Copying is faster if the memory to be collected is mostly garbage. You only copy the good stuff and don't even look at the garbage. Many programs (particularly in scripting languages) allocate memory but only use it for a short time, so they create lots of garbage.

Often this is combined with generational garbage collection - new objects live for a short time in a temporary area, and then if they are still in use (not garbage), they get copied to longer-term storage.

jeffdavis · on Aug 4, 2012

Copying also means moving to new addresses. What strategies are used to update the referencing pointers to the new location?

to3m · on Aug 4, 2012

The pointers are updated as you copy them. (If you know the types ahead of time, you therefore structure objects so that they consist of runs of pointers and runs of non-pointers.)

Wikipedia has a reasonable explanation of the basic algorithm:

http://en.wikipedia.org/wiki/Cheneys_algorithm

It probably gets more complicated if you try to share it with a non-copying collector, but the basic algorithm is very straightforward to implement.

tomp · on Aug 4, 2012

in OCaml, copying GC is used only in the young generation. functional languages allocate lots of shortly lived objects, so copying gc is a good fit, since allocation is the cheapest possible, and as only a few objecta survive a gc, the cost of copying them is low. Since the GC is generational, objecta get copied at most n times, for some n.

riffraff · on Aug 4, 2012

the JVM (HotSpot) also uses this approach, the young generation is handled by a copying GC while the older one(s) use mark & sweep.

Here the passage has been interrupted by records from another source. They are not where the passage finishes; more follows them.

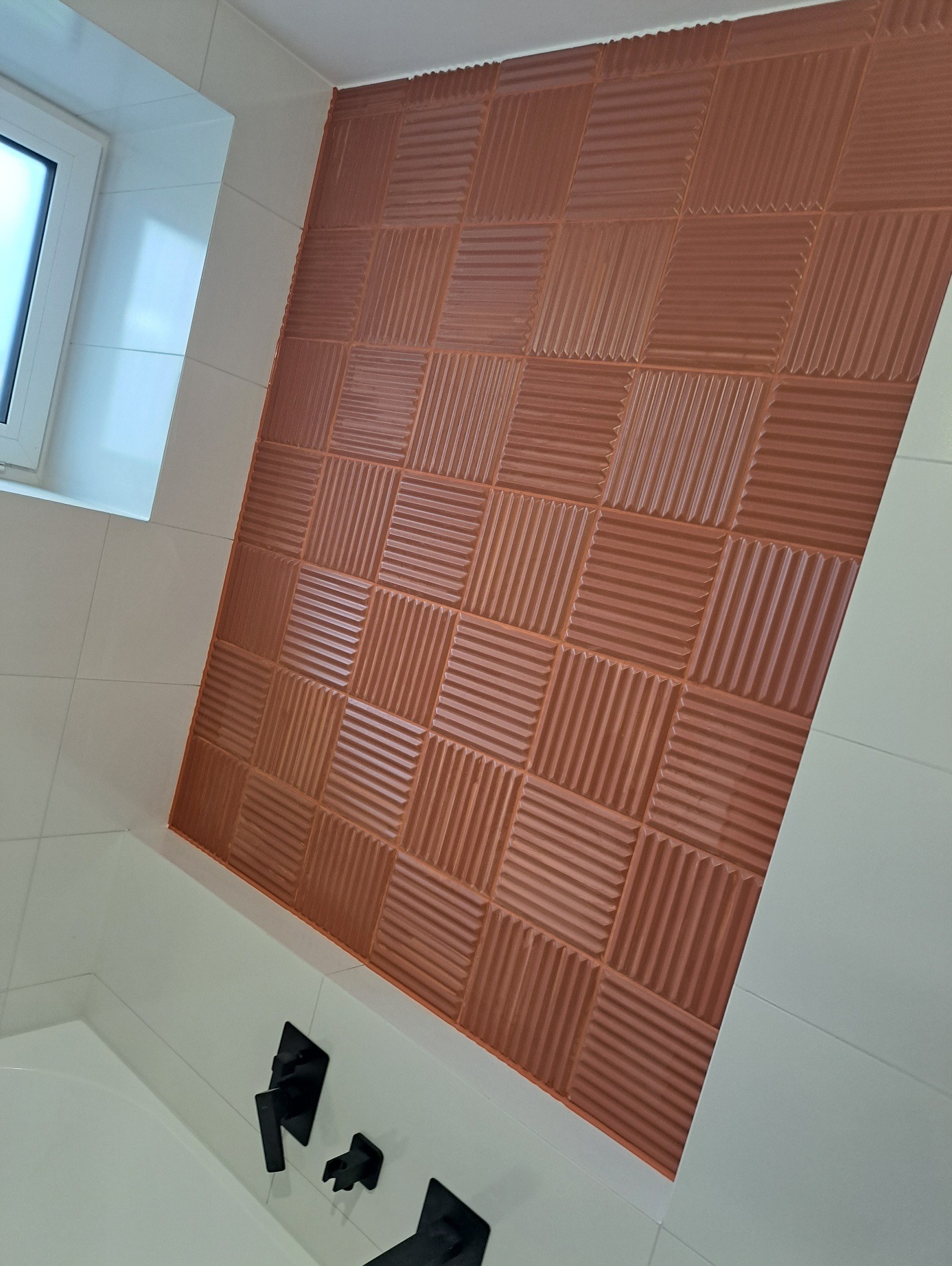 Ściana łazienki wyłożona dekoracyjnymi, brązowymi płytkami 3D w kwadraty, z widoczną białą armaturą i oknem.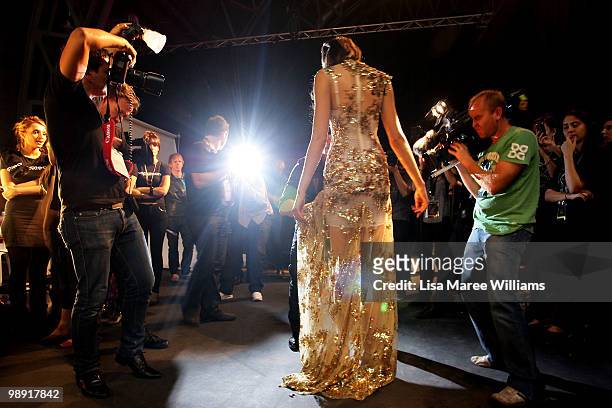Model Alexandra Agoston poses backstage for the media at the Alex Perry 'Arabian Princess' collection show during Rosemount Australian Fashion Week...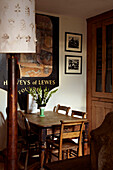 Wooden dining table and chairs with vintage artwork in Brighton home, Sussex, UK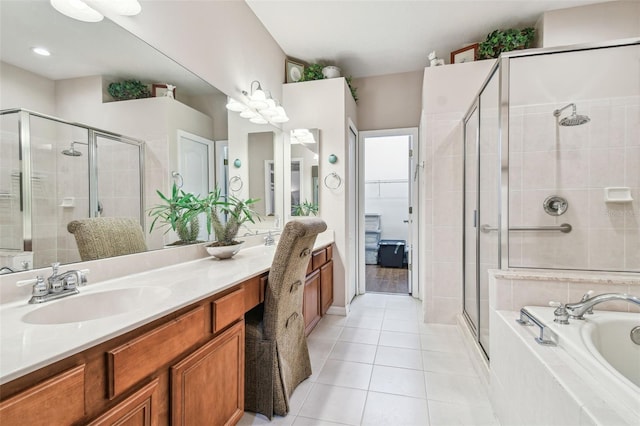 bathroom with plus walk in shower, tile patterned floors, and vanity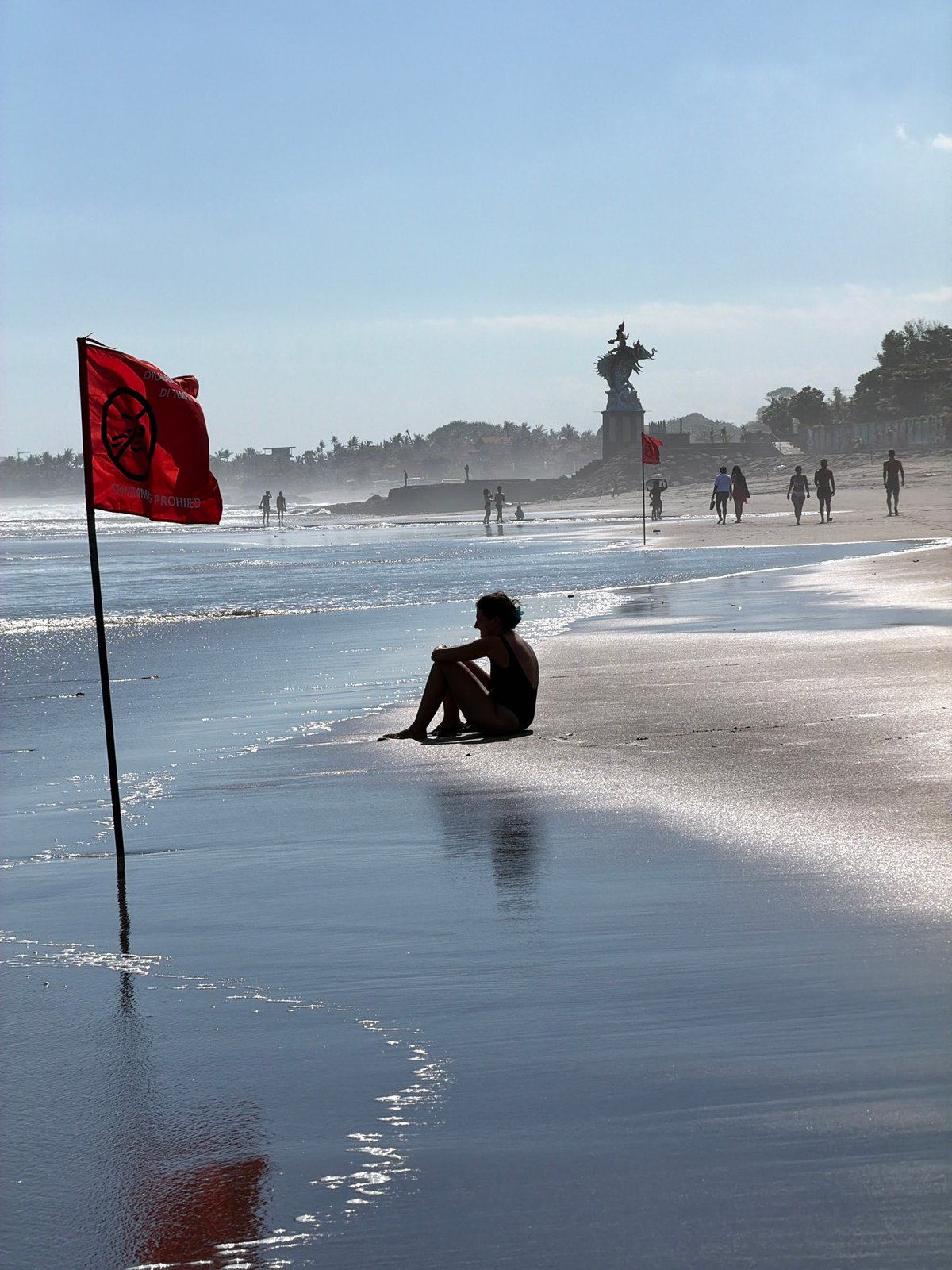 Morning at a flagged beach on Bali's volcanic sand coast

(to be fair, I believe this _was_ the default GC option, but it's not anymore, and there were at least 3 different young generation GC algorithms that used copying, so it's a bit more nuanced)

tikhonj · on Aug 4, 2012

As others have pointed out, a copying GC only needs to access live objects and does not need to go through the garbage.

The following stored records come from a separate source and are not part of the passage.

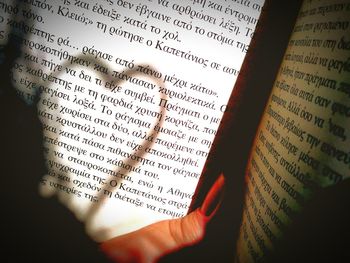 Close-up of cropped hand writing on book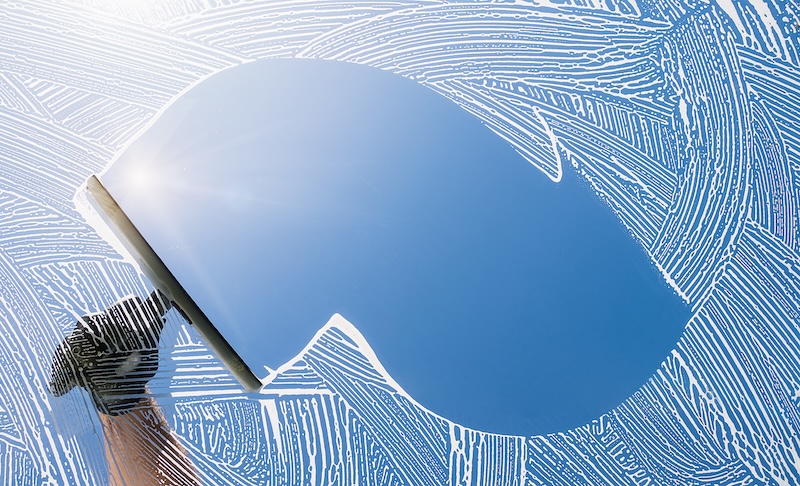 A Hand Uses A Squeegee To Clean A Window, Revealing A Clear Blue Sky And Sunburst Through Swirling Soap Streaks. The Scene Feels Fresh And Crisp.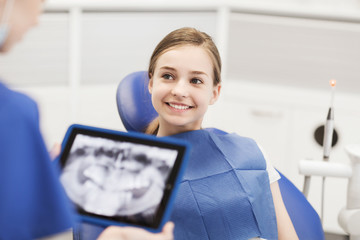 dentist with x-ray on tablet pc and girl patient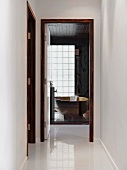 View of free-standing designer bathtub behind glass wall along glossy white corridor though open bathroom door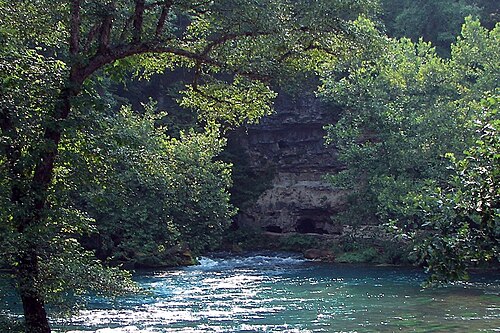 Water that flows up naturally out of the ground.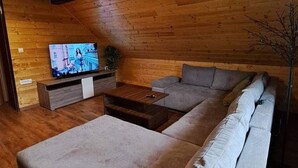 Ett mysigt vardagsrum med en stor hörnsoffa, ett soffbord och en platt-TV som är monterad på en väggpanel i trä.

Another thing to keep in mind is that a copying GC maintains some favorable memory properties. In particular, it reduces fragmentation each time it is run: since you're only copying over live objects, all your objects remaining objects get put next to each other in memory. This is especially useful if you have relatively few objects interspersed with lots of garbage.

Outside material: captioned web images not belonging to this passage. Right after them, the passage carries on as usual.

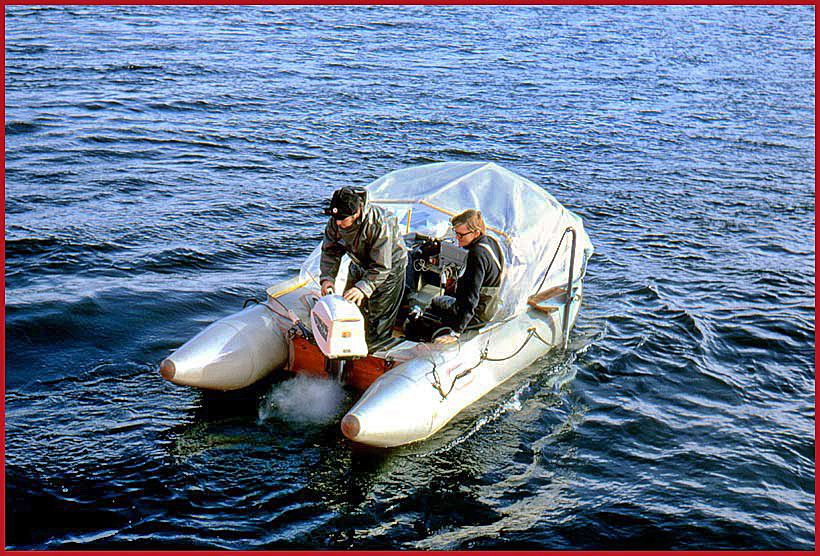 A closer view of a rubber boat with echo sounder equipment Peter navigating the boat, while Jan Walseth is in charge of the equipment - (Photography by Karsten Petersen ©)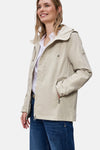 Veste courte beige de Street One avec une capuche et des poches zippées, portée sur une chemise blanche et un jean bleu.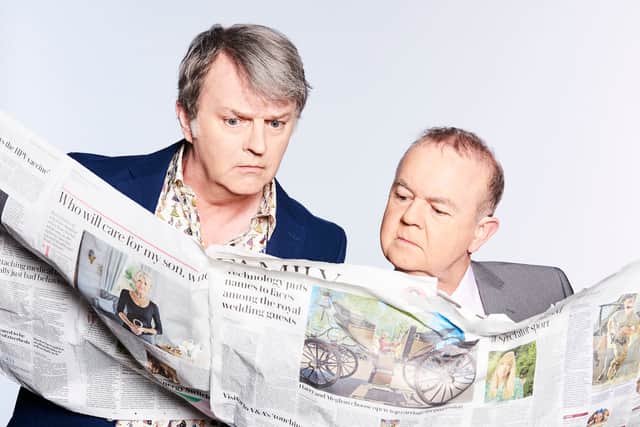 Paul Merton and Ian Hislop, reading oversized broadsheet newspapers, pulling faces of exaggerated concern (Credit: BBC/Hat Trick/Ray Burmiston)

maximilianburke · on Aug 4, 2012

Copying GC's may be slower to collect if you compare the speed of identifying live/dead objects versus object identification and copying of live objects but they have a significant improvement in the speed of allocation.

Copying GC's allow you to perform allocation by incrementing a pointer, whereas non-copying collectors force you to traverse all the free blocks in the heap looking for a suitable allocation spot, similar to what malloc(). As the heap fragments over time this cost becomes greater and greater.

Copying GCs can also improve memory locality during collection which a non-copying GC cannot do, giving a general performance improvement for the application.